Posted by Bhumika Sahani
Many organisations had a very ambitious plan for 2020. Somehow the resonance of the year made it seem special. All of you have probably heard the phrase “By twenty-twenty, we will…” (end it with your own version of progress, achievement, success etc).
Twenty-twenty clearly had its own plans for itself and leaders in this new world are faced with an unprecedented set of challenges. Factors related to talent and strategy, the market, stakeholders, or targets are almost completely unpredictable and yet, leaders were expected to have all the answers; to know with certainty how the business should pivot; where people should be refocused and what needs to be left by the wayside.
Is that a fair yardstick to measure leaders by? What happens to leaders who take on this pressure of having to always know what is right? Eventually, the leader with the superhero cape on is going to burn out, feel disconnected with the team or not always have ready solutions. If you are a leader reading this, know that it is almost impossible to stay updated, know everything and have answers to everything.
Know that it is ok to say, ‘I do not know.’
How often have you heard that leaders need to be strong and be ‘a rock’?
As leaders and managers, one is taught to project a certain image of confidence, competence and authority. While as leaders we might try to play the part and appear stoic, intelligent and in control of the situation in order to be respected by others, truth be told, pretence often has the opposite effect. Just think of how uncomfortable you feel around someone you perceive as ‘putting on airs’ or ‘putting on a show.’
We tend to see right through them and find them inauthentic. It isn’t much different when interacting with team members and employees. As a leader, it is important to keep in mind that most of the people you work with are intuitive and usually know if something is not working in the organisation. They just want to know whether you have the courage to tell them and be honest with them.
This is not to say that there are no leaders who know it all! There are benefits to being more knowledgeable, more informed and having most of the answers when in a position of leadership, but being a know-it-all can be a double-edged sword. One of the major challenges is it is not engaging or involving for the other person. It is also quite fatiguing for people working with such a leader. Why? It affects their growth and they feel shut down. People don’t show their vulnerability or doubts around a know-it-all-leader. One, there is no permission to do so and second, there is no modelling as they have not seen their leader ever being vulnerable.

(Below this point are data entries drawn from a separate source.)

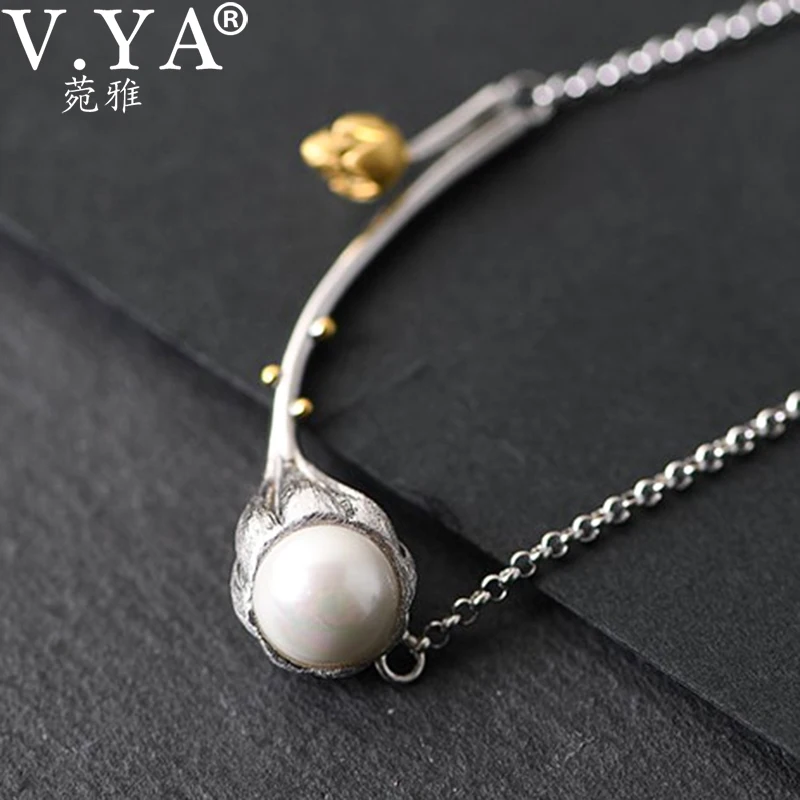 

V.YA темперамент инкрустированные синтетический стеклянные бусы лотоса кулон жемчужная цепочка на шею для мужчин для женщин 925 стерлинговог...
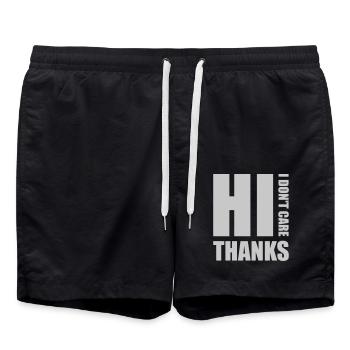 Hi I don't care - Swim Trunks - black - Front - AI Model Male 185 light (185cm)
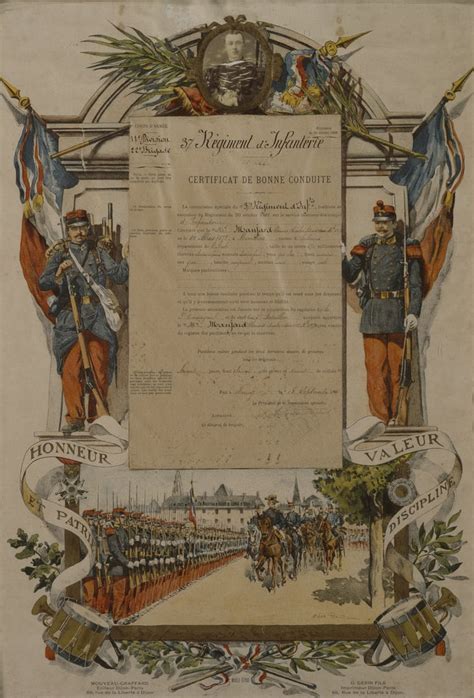 Certificat De Bonne Conduite 37th Infantry Regiment 1896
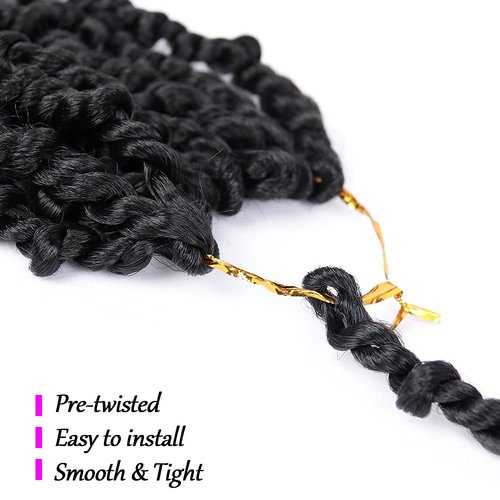 Violet Passion Twist Hair 12 Inch 7 Packs Passion Twist Crochet Hair Pretwisted Bohemian Curl Crochet Braids Synthetic Hair Extensions for Black Women (1B, 12 Inch)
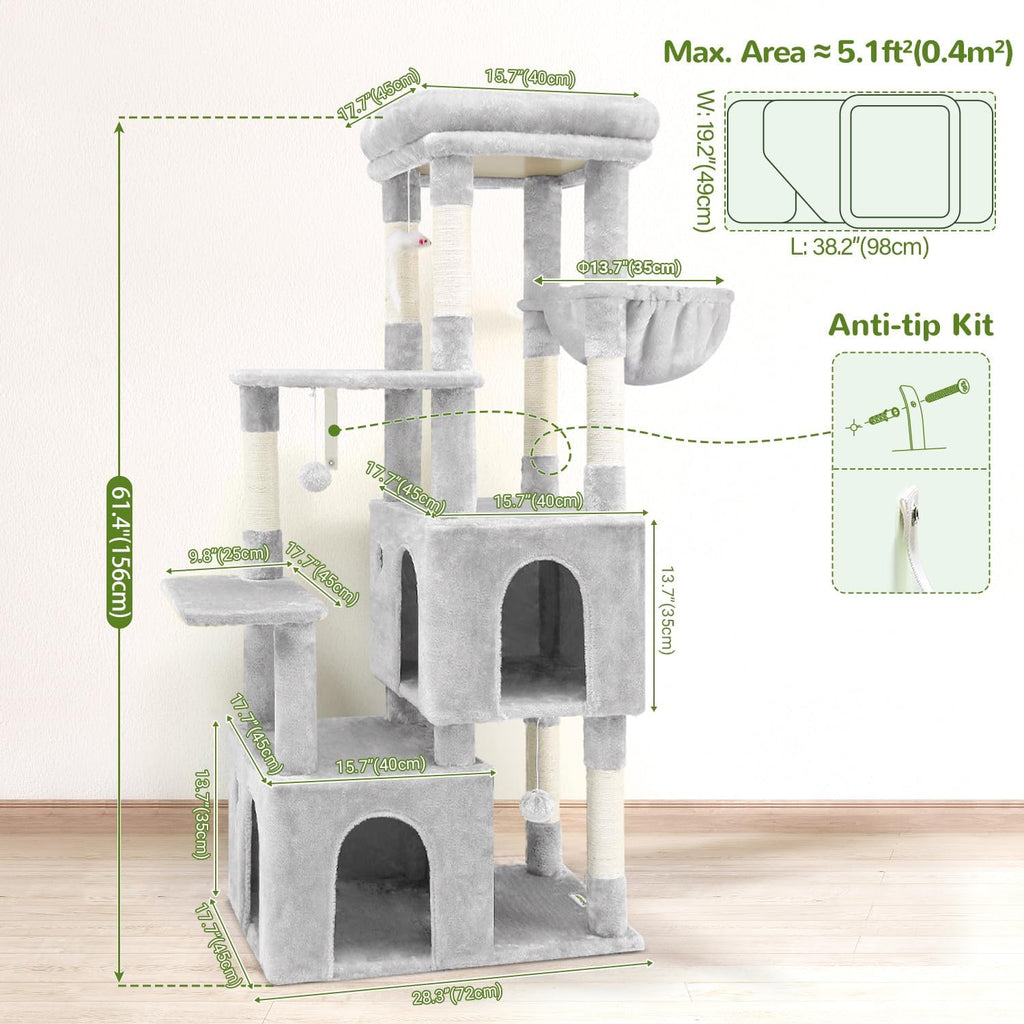 Globlazer Heavy Duty Cat Trees for Big Cats Maine Coon, F61, Cloud Grey
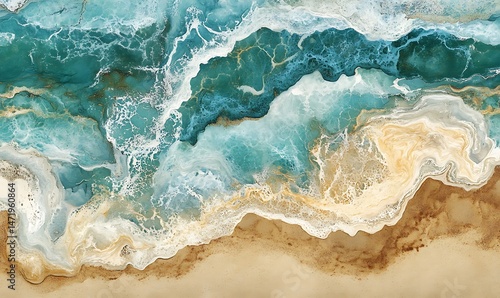 The ocean waves crashing onto a sandy beach from above
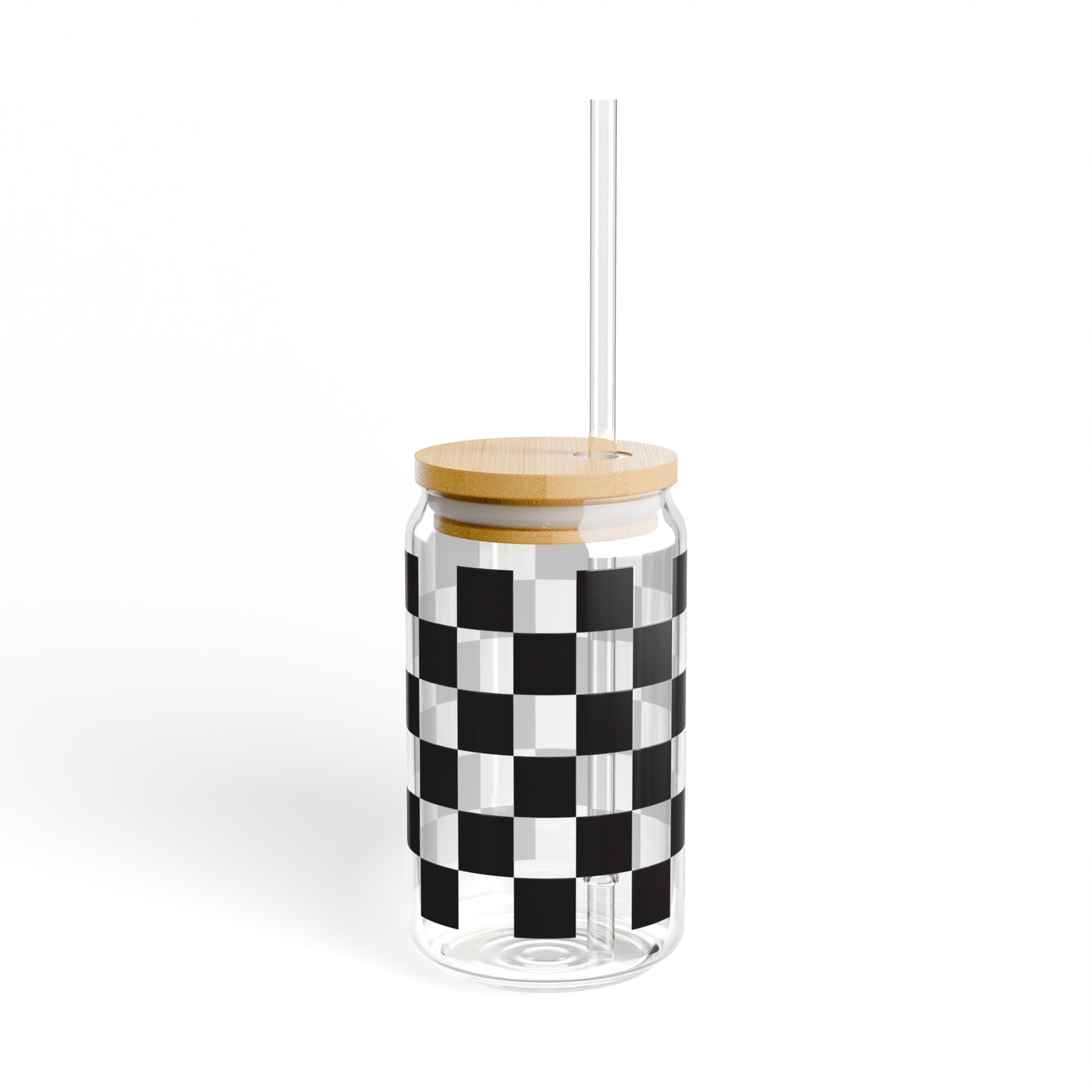 Black and White Checkerboard Glass Can, 16oz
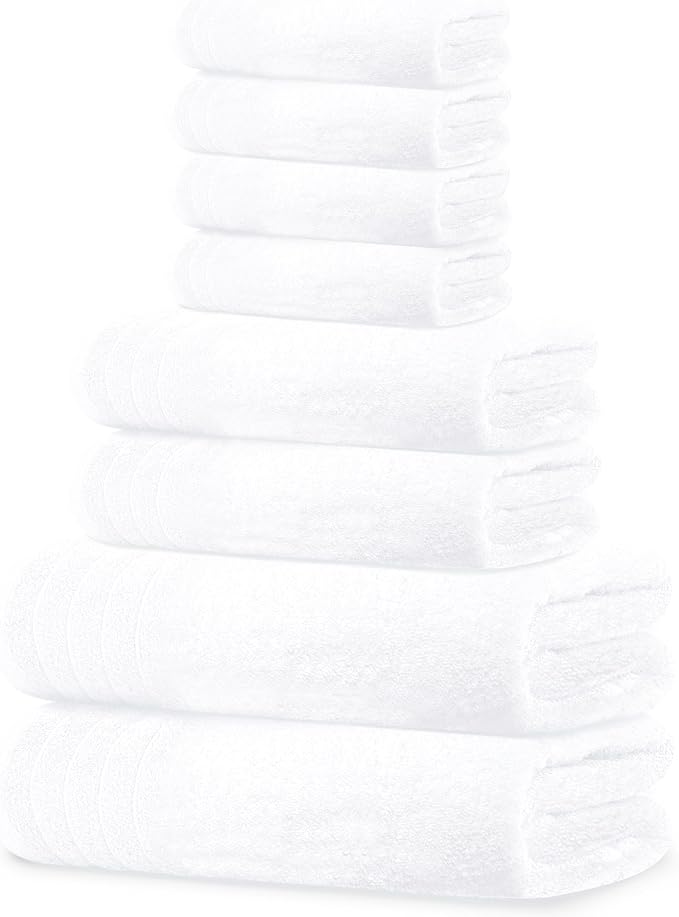 Tens Towels 8 Piece Towel Set, 2 XL Bath, 2 Hand, 4 Washcloth, White | 100% Cotton, Lighter Weight, Quicker to Dry, Super Absorbent, Perfect for Bathroom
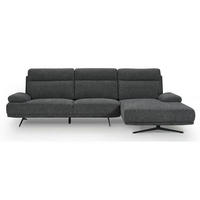 ECKSOFA Webstoff Grau - Schwarz/Grau, Textil/Metall (304/176cm) - Furnhouse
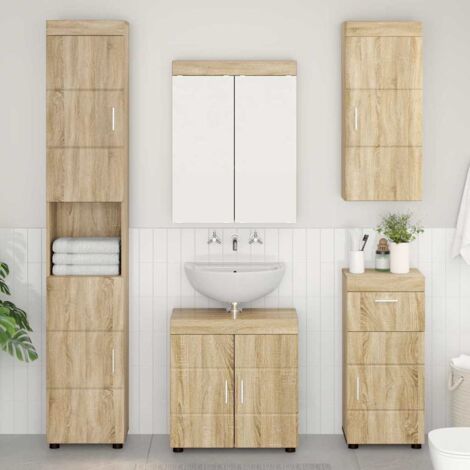 Armario de pared para baño TULUM Roble  37 x 24,5 x 86 cm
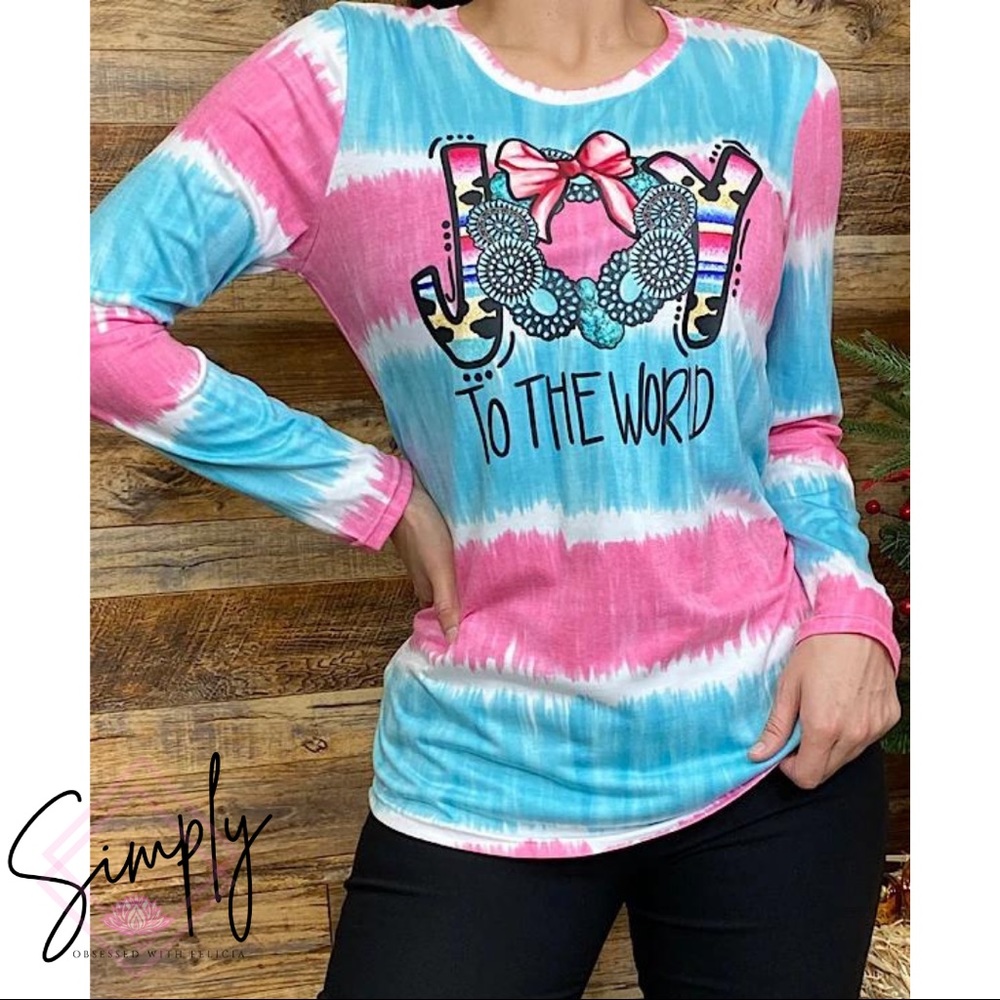 C̺͆L̺͆E̺͆A̺͆R̺͆A̺͆N̺͆C̺͆E̺͆  Tie Dye Joy To The World Top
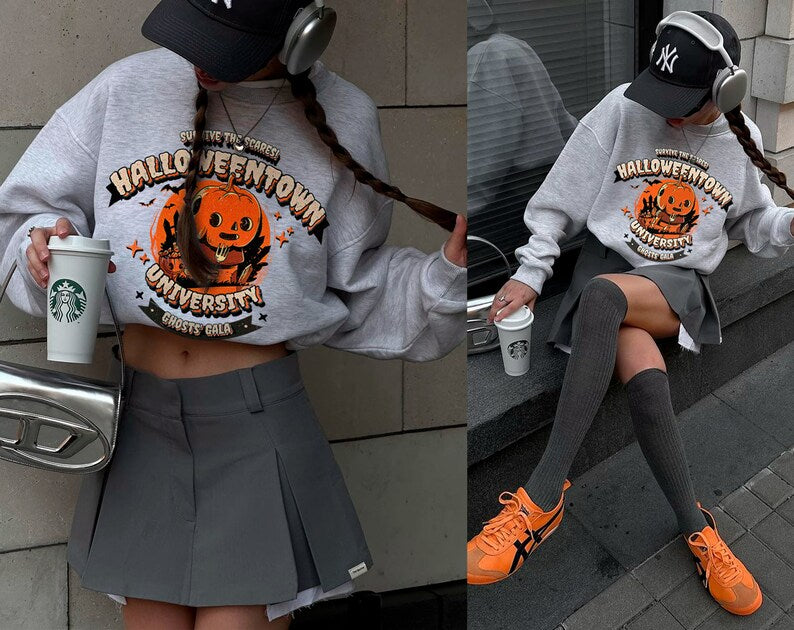 Halloweentown Pumpkin Halloween Sweatshirt 2D Crewneck Sweatshirt All Over Print Sweatshirt For Women Sweatshirt For Men Sws4226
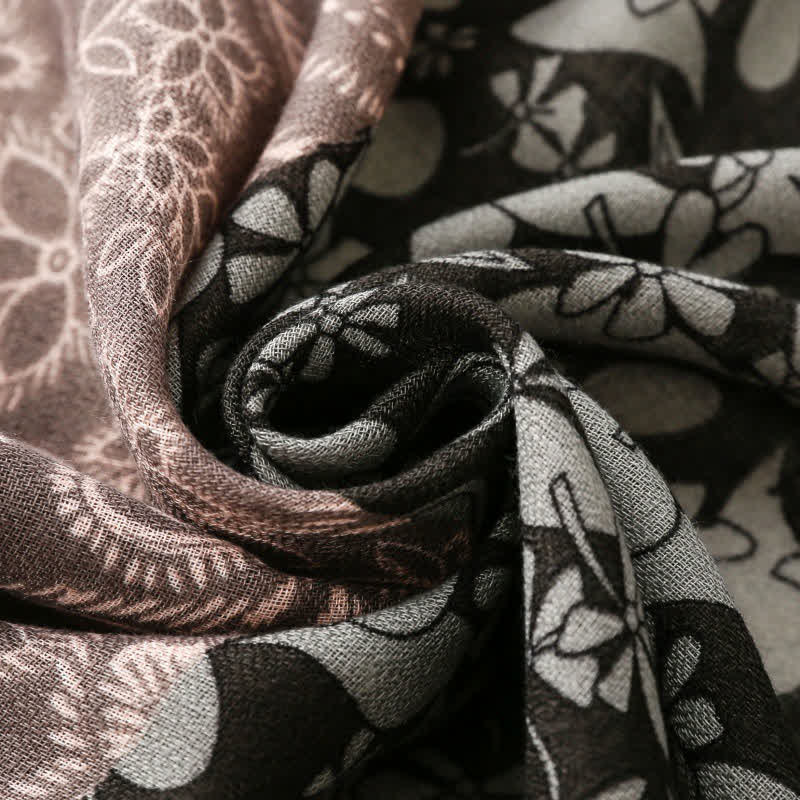 Buddha Stones Herfst/winter sjaal voor dames met paisley- en bloemenprint en rand. - image 26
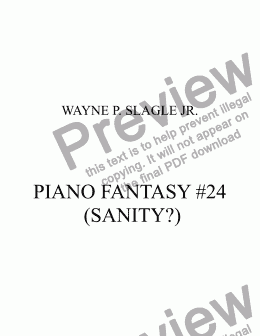 page one of PIANO FANTASY #24 (SANITY?)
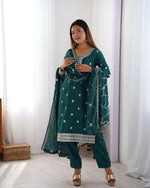 Thumbnail for Joban Fashion Green Kurta set with Pant Chinon silk Thread with Sequins work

In the book Outliers, the author Malcolm Gladwell reflects on the cultural issues involved in pilot communication that makes it harder for subordinates to share information with their superiors. He mentions how co-pilots would routinely not speak up about safety concerns, resulting in disastrous air crashes. One can only speculate as to what could be the reasons that stop them from sharing their apprehensions, but before you keep reading, think about whether you’ve ever been in a similar situation in your own organisation where you have withheld critical information reluctantly, only because you were not sure of how it would be received or did not have a safe space to verbalise your concerns.
Leadership can be a very lonely journey and being vulnerable isn’t always considered a positive trait to have; certainly not in the business sense. It is often looked at as a sign of weakness and powerlessness. On the contrary, it actually makes you a better leader because it takes the pressure off you to have every answer and realise it is ok to be wrong. It allows you to start showing your authentic self. This view is backed by evidence-based work.
Also read: Sexual Harassment In The Workplace Is As Much About Power As…
Brené Brown, an expert on social connection, attributes vulnerability as the core of social connection. Contrary to how vulnerability is viewed as a sign of submissiveness, she thinks it is the courage to be yourself. It allows perspectives and thoughts of other people, taking the burden off leaders to be the first with an idea or the first one to answer. Brown explains that we all struggle with things but sharing them is not a sign of weakness, it’s actually a powerful way to build trust. Accepting that you are not perfect and that you can express that, takes the pressure and stress off you. The team too feels respected, honoured for their opinion and rather than feeling like another peg in the larger system, become more loyal.
But why do we find vulnerability inappropriate at the workplace? That is so because being vulnerable means having one’s flaws or mistakes exposed, which leads to fear of criticism of our abilities or character. It could also reveal a lack of control and undermines the leader’s authority. Being vulnerable means exposing yourself to questions like – will I be respected enough if I say I do not know? Will my position be threatened? Am I giving an opportunity to my team members to doubt my ability? What will that mean for me in the long-run? It might be a departure from long-standing ways of leadership where displaying your emotions was frowned upon.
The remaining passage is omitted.